Given the current political situation in France, it is almost impossible for the government to submit its national energy and climate plan (NECP) to the European Commission by the 30 June deadline, according to several French energy and climate experts.
Since the dissolution of the National Assembly, energy and climate issues have been relegated to the background. As a result, France’s submission of its NECP, which summarises France’s climate and energy objectives for the coming years, is delayed.
“I have received messages from ministerial advisers who say that (…) it will be very difficult to submit the NECP before 30 June,” Nicolas Goldberg, head of progressive think-tank TerraNova’s energy hub, told Euractiv.
The date by which all 27 final NECPs need to be submitted to the European Commission. The plans are a core component of the EU’s climate governance framework.
Countries submitted draft reports to the Commission in Summer 2023. The 30 June deadline is for final NECPs, meant to reflect the Commission’s feedback on the initial drafts.
“The political situation and the uncertainty it creates could delay communication,” Brice Lalonde, President of the think tank Équilibre des énergies and former French Environment Minister, commented to Euractiv.
A source familiar with ministerial operations confirmed to Euractiv, that only day-to-day management issues will now be prioritised, saying “The government is going into business as usual.”
Months of conflict between Paris and Brussels
France has been in dispute with the European Commission over its NECP for several months. In November 2023, it submitted its draft NECP, several months after the deadline.
This text did not meet the requirements of the European rules, as it did not include targets for the development of renewable energy. This was pointed out by the European Commission, to which the French executive countered that it preferred to include a ‘low carbon’ target.
While talks with Brussels continue, the political situation in Paris has deteriorated.
With no absolute majority in the National Assembly, the Macron government is not ready to put its more detailed energy and climate domestic programme in front of national deputies, before sending the final summary – which is the basis for the NECP – to the Commission.
The NECP “was supposed to be the translation of the multiannual energy programme (PPE) and national low-carbon strategy (SNBC),” Jules Nyssen, president of French renewable association Syndicat des énergies renouvelables (SER), explained to Euractiv, referring to two domestic plans focused on energy and climate respectively.
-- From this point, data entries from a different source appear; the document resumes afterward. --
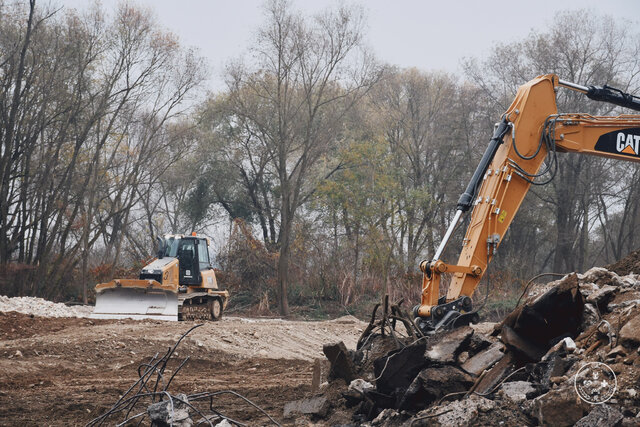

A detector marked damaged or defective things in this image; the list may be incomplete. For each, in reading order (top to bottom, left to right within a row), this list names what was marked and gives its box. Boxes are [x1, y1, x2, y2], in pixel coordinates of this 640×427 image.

broken concrete slab [322, 342, 358, 382]
broken concrete slab [424, 328, 476, 364]
broken concrete slab [462, 342, 502, 374]
broken concrete slab [616, 316, 640, 346]
broken concrete slab [284, 396, 330, 420]
broken concrete slab [400, 364, 476, 412]
broken concrete slab [500, 382, 536, 404]
broken concrete slab [532, 388, 588, 427]
broken concrete slab [572, 404, 624, 427]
These documents “were due to be put out to consultation in the next few days, which now seems unlikely,” he continued.
Phuc-Vinh Nguyen, a researcher in European energy policy at the Jacques Delors Institute, went further, telling Euractiv that “even without a dissolution (of the National Assembly), the NECP would probably not have been delivered on time.”
In theory, France can submit a NECP to the Commission, without passings its domestic programmes into law. However “this could have ‘irritated’ the National Assembly” as “the NECP is nonetheless a final version of the French energy and climate strategy,” the researcher continued.
In search of a lost consensus
TerraNova’s Goldberg bitterly regrets this situation. “Everything has been ready for over a year. All that was missing was the political moment.” Instead, the government proposed in March another stakeholder consultation.
Now the NECP is unlikely to arrive on time. France could in theory be sanctioned for this delay. But the situation is such that “the European Commission should not force France to send a plan based on nothing consensual,” Nguyen believes.
For the moment, the Commission does not want to comment the political situation in France, nor how this impacts ongoing government business, a Commission spokesperson told Euractiv.
Other countries have missed previous NECP deadlines. For example several countries, including Germany, missed a 2019 deadline to submit earlier versions of the documents.